Several studies have investigated MnSOD in mesothelioma. These studies have demonstrated that mesothelioma contains high levels of MnSOD mRNA, protein, and activities compared with nonmalignant mesothelium or mesothelial cells, increasing threefold to 10-fold (306–309). MnSOD has been suggested to be a possible diagnostic marker of mesothelioma due to its very intense activity in mesothelioma compared with the much lower levels commonly found in adenocarcinoma metastasized to pleura (307).

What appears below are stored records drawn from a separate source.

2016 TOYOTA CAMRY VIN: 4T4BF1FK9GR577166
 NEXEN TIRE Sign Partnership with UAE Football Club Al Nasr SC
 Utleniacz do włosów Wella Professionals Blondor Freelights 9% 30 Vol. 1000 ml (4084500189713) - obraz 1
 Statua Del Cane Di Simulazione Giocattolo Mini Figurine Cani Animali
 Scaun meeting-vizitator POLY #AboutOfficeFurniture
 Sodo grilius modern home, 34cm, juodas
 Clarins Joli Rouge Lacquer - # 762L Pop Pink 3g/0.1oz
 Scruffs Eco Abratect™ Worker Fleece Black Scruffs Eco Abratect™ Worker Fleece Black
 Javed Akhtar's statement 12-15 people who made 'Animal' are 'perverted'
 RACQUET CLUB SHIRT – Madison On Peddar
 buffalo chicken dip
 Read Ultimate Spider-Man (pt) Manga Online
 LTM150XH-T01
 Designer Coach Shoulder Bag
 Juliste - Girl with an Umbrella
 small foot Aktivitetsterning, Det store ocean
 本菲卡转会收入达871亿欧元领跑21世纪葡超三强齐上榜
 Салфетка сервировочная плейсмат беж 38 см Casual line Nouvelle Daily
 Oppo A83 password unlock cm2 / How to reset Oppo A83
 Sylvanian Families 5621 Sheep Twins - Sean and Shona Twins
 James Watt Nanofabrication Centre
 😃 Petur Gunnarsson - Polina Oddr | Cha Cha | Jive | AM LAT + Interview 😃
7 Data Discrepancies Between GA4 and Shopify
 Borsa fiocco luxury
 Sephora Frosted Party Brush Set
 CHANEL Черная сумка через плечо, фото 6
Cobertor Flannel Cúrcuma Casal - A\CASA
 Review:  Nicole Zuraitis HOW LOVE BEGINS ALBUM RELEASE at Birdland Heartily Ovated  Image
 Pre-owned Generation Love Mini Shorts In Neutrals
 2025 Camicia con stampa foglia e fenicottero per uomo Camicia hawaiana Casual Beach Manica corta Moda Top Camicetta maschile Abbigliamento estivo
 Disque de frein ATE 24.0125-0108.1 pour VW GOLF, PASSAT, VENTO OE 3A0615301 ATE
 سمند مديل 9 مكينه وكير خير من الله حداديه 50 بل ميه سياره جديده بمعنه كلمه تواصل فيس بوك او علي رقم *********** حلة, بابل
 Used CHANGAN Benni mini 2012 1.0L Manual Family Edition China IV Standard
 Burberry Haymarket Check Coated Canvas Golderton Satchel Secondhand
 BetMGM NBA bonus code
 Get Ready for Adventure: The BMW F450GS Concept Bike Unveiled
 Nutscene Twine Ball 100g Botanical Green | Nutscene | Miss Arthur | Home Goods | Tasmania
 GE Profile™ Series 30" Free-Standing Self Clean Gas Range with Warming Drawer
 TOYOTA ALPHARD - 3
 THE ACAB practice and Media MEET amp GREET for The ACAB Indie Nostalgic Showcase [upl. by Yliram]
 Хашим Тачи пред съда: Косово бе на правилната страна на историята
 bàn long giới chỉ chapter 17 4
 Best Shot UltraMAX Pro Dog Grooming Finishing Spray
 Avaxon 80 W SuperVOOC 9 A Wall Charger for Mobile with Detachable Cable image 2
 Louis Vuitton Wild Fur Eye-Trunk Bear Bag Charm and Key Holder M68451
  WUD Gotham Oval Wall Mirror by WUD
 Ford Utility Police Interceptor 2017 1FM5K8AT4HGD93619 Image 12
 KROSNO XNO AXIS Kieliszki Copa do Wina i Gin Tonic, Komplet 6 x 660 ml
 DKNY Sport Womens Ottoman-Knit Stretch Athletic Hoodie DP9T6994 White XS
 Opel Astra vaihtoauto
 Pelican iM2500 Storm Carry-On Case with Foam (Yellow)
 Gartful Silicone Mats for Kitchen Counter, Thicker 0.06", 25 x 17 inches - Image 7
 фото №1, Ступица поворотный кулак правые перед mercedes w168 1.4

Thus, it is known that MnSOD is higher in malignant mesothelioma than in the nonmalignant mesothelium, but its significance for tumor promotion and drug resistance is unresolved.
A summary of the expression of SODs in human lung diseases has been given in Table 3
|Lowered or unchanged in asthmatic airways|
|Elevated in alveolar type II epithelial cells and macrophages of interstitial pneumonias and sarcoidosis|
|Low in fibroblasts and fibromyxoid lesions in usual interstitial pneumonia (idiopathic pulmonary fibrosis)|
|High in the proliferating type II epithelial cells in bronchopulmonary dysplasia (chronic lung disease)|
|High in mesothelioma|
|Possibly elevated in lung cancer|
|Decreased in asthmatic airways|
|Elevated mRNA in cultured mesothelioma cells (micro array study)|
|Positive in hyaline membranes and in the proliferating type II epithelial cells in respiratory distress syndrome and bron chopulmonary dysplasia (chronic lung disease)|
A basic understanding about the expression and regulation of antioxidant enzymes in normal lung and the changes that occur in lung diseases is necessary to develop therapeutic interventions to control oxidative stress in the lung. Oxidant/antioxidant balance in the bronchial epithelium, alveolar structures, and interstitium constitute the primary defense against oxidant stress of the lung. Although the expression of SODs has been characterized relatively well in animal and human lung, the specific role of the antioxidant enzymes in the pathogenesis of most lung diseases remains unclear. For instance, individual variability of these enzymes (polymorphisms) leading to lower antioxidant activity in lung cells may be hypothesized to play a role in the development of both nonmalignant and malignant lung diseases. Several polymorphisms have in fact been characterized, but their role in the pathogenesis of various lung disorders has not yet been systematically investigated. Antioxidant enzymes exhibit cell-specific expressions in human lung. MnSOD is upregulated in inflammatory areas of some lung diseases, but whether induction offers any protection in these diseases or whether induction is a secondary reaction with variability in individuals and various cell types also remains to be investigated. ECSOD is uniquely expressed in the lung and holds potential importance in multiple human lung diseases, with special interest being directed toward interstitial lung diseases and diseases of the vasculature. The significance of ECSOD in lung diseases also waits for future investigations. More efforts should be directed not only toward understanding the significance of the variability of these enzymes in individuals and various diseases but also to their potential role in therapeutic approaches. It, however, is clear that oxidants are associated with most lung diseases and that severe ongoing oxidant stress causes downregulation of SODs. These phenomena may further enhance the progression of the lung disease. It may, therefore, be hypothesized that therapeutic antioxidants such as SOD mimetics might provide new approaches to attenuate oxidant-associated lung injury in humans. These new agents show efficacy in oxidant-induced experimental lung models, but their significance has not yet been investigated in human lung.